David’s Census (2 Samuel 24)

But wait; if we’re criticising Solomon, we need to remember that his dad made his share of mistakes, two of which are highlighted as his major flaws. The first is straight-forward – David has an affair with a woman named Bathsheba, gets her pregnant and, when he can’t cover it up, has her husband killed. David pays the consequences of that, and rightly so – there’s no way a situation like that isn’t going to end badly.

His other big mistake is stranger – he takes a census. The man who took down Goliath is brought low by a census. To make matters more complicated, it’s a census that God orders him to take so that God can punish him for taking a census.

What?!

This is one of those stories I don’t quite know what to do with. But here’s an idea.

It’s obvious from the passage that everyone knows that taking a census of Israel’s military is a bad idea. I can see the logic in this – they’re not meant to trust in the strength of their army or their resources, they’re meant to trust in God. After all, the Bible is full of examples of God using a small force to defeat huge armies. Maybe counting the fighting men is the thin end of the wedge, an example of misplaced confidence that could end up with a king having lots of horses (and their associated chariots), thus trusting in their own strength and not God’s. I can understand that.

But then God manouveres them into a stuation where they’re going to get punished for something he told them to do. It seems a little unfair – if they need to be punished, then punish them for what they did in the first place.

(Interestingly, the 1 Chronicles 21 version of this story says that Satan instigated the census, not God… But as Satan’s role in the Old Testament is often to test people’s faith in God, the end result is the same. After all, David has a choice in all this. That said, this post would have been way easier had I just gone with Chronicles…)

So allow me to indulge in some random speculation again: What if God is expecting an argument?
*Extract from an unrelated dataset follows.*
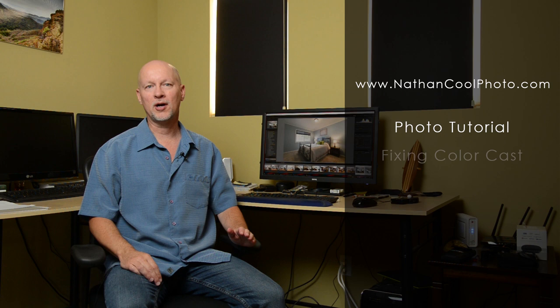Hey there everybody, it's Nathan Kuhl with NathanKuhlPhoto.com and in this tutorial I'm going to show a couple alternatives, a couple fixes you can use to deal with color cast.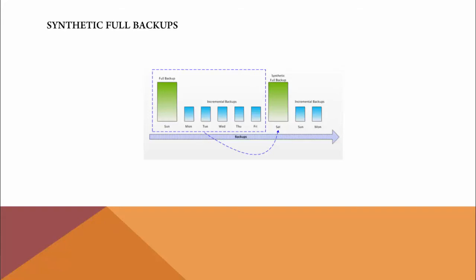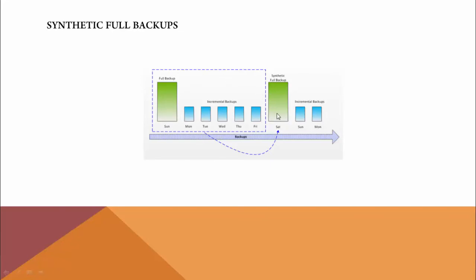It consolidates into one file. You can see it consolidates the data inside this blue dotted box—from Sunday, Monday, Tuesday, Wednesday, Thursday, Friday backup—and stores it in a file called a synthetic full backup. The next week it takes the data from Saturday's full backup till the last incremental backup.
Stick with me. It’s not like people haven’t argued with God before. Back in Genesis, God tells Abraham he’s going to destroy Sodom and Gomorrah. Realising that his nephew is living in Sodom, Abraham starts bargaining with God – “Would you save the city if I could find 50 good people living there? What about 45? What about thirty? Twenty? Ten?”

And instead of getting angry, God goes along with it. It doesn’t pay off, as ten good men can’t be found, but still Abraham tried and got a positive response. God responds to an act of compassion, even if Abraham does have a vested interest.

And then there’s Moses’s disagreement with God. In Numbers 14, the Israelites are on the verge of rejecting God, deposing Moses and electing themselves a leader to take them back to Egypt. God is understandably furious at this lack of gratitude and decides to wipe them all out and start again with Moses.

Moses says no.

“Look, if you kill them all, everyone will say that you couldn’t carry out your promise to give these people a land of their own. Can you forgive them instead?”

And it works, to a degree. The instigators of the rebellion are killed by a plague, and entry into the land is delayed for a generation so that the people aren’t always so eager to go back into slavery in Egypt, but Israel survives. Again, God responds to an act of compassion.

Right, now look at the consequences of David’s census. He carries it out, a plague falls on the land and wipes out thousands of people. David realises what’s happening and sets up an altar to God at his own expense in order that he might intercede on behalf of his people. He does, the plague stops and God responds to an act of compassion.

Which raises the question, what would have happened if David had said no to the census? What if he’d argued with God? Eventually he gets involved on behalf of his people and God relents; would acting sooner have made a difference.

Well maybe, maybe not, but sometimes we need to take a risk on behalf of others. Abraham did, Moses did, David did eventually. And God responds to that, which is understandable, because that’s exactly what he does in the New Testament, with nail pierced hands on a Friday afternoon.